Drawing inspiration from living, watching, listening – and even eavesdropping – is how young theatre aficionado Amy Jephta finds her stories.

It is also how this 2019 Standard Bank Young Artist for Theatre – whose play All Who Pass is on at the National Arts Festival in Makhanda – finds the unexpected heroes who populate her work.

“I find most of my ideas when I’m out in the world – not sitting by myself in a room but actually experiencing life,” Jephta said.

“What makes me tick is how complicated human beings are – they’re very difficult to figure out.

“I’m fascinated by that psychology, and [try] to interpret it in a creative way.”

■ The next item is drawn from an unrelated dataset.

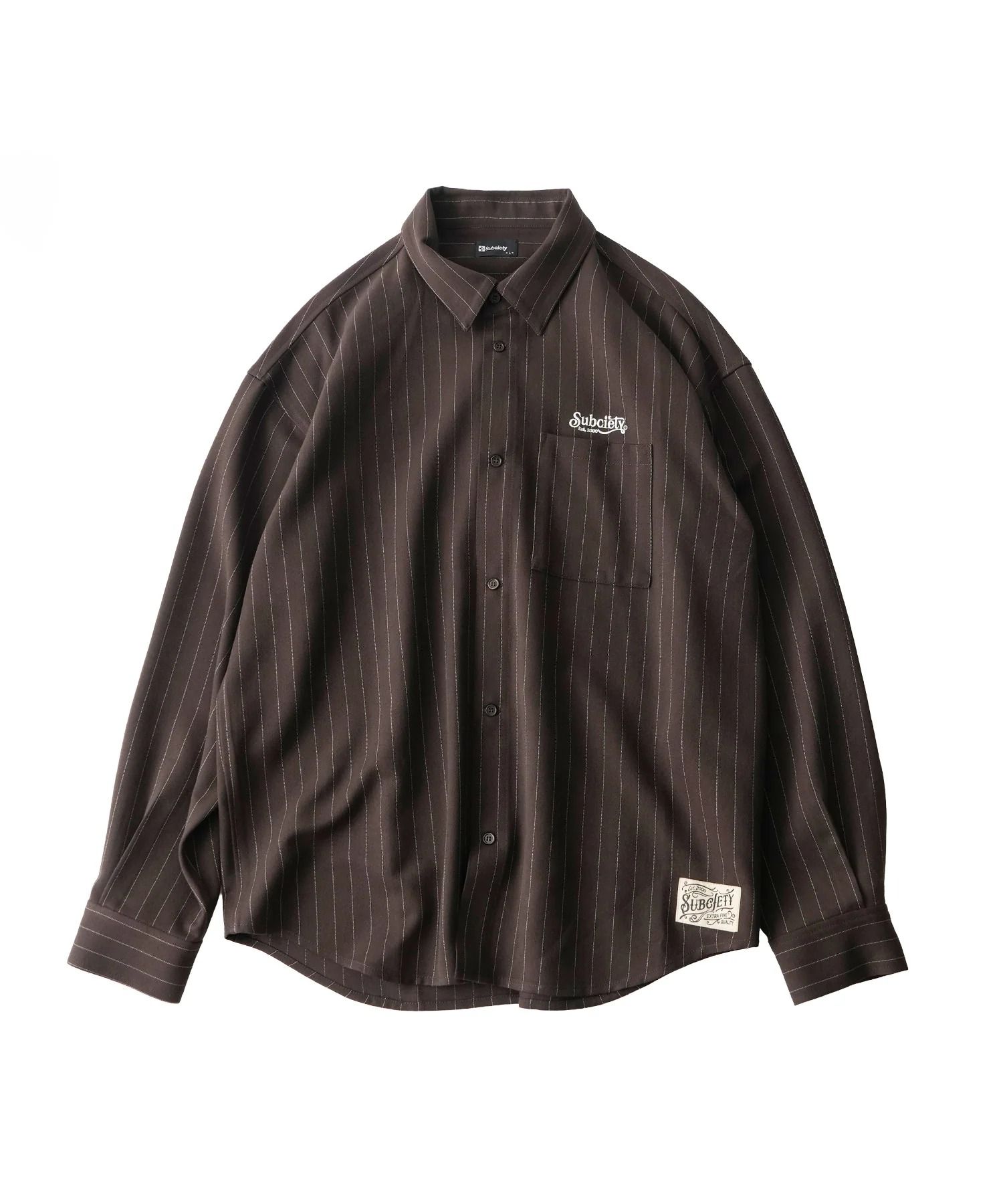 Pinstripe wool-like shirt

Following a nine-year streak as a festival attendee and having her work as a writer and director performed four times, Jephta said that it was great to be named as the Young Artist award winner. “It means someone has noticed and seen my work,” she said.

“It’s always good to know that while you have been building your career, people were tracking your path.

“So the award to me is a culmination of many years spent behind the scenes in the theatre industry.”

A playwright by nature, Jephta has also built a reputation as a filmmaker, activist and academic and has been a driving force in local and international initiatives to promote opportunities for women playwrights.

“I’ve enjoyed the opportunities I’ve been given to travel and see the world on the back of my writing,” she said.

“I’ve been to Europe, the UK, the US, and some of my favourite cities because of [it].

“Sharing rooms and space with some of my idols has also been exciting.”

Gravitating towards stories that are character-driven and people who become the heroes in their own lives in small and unexpected ways gives Jephta a purpose in her writing.

“I guess I enjoy stories of ‘heroes in unexpected places’.

“I always try to say something – politically, socially with my work,” she said.

“But I always prioritise telling a good story about human beings first.”

Tackling social issues and traumatic experiences which people still deal with on a daily basis, she does not shy away from previous injustices to expose the experiences suffered.

“If people can understand the past and continued effects the Group Areas Act had on families, I’d be satisfied – just to make people curious about a part of history they might have forgotten, to have them think about how that past is never just ‘in the past’.

“It has ripple effects on the real lives of South Africans in the present day,” she said.

“Artists have always been at the forefront of asking difficult questions and I think we will always need some form of protest theatre in this country.”

All Who Pass is being performed at the Rhodes Box at 2pm and 8pm on July 2 and 3.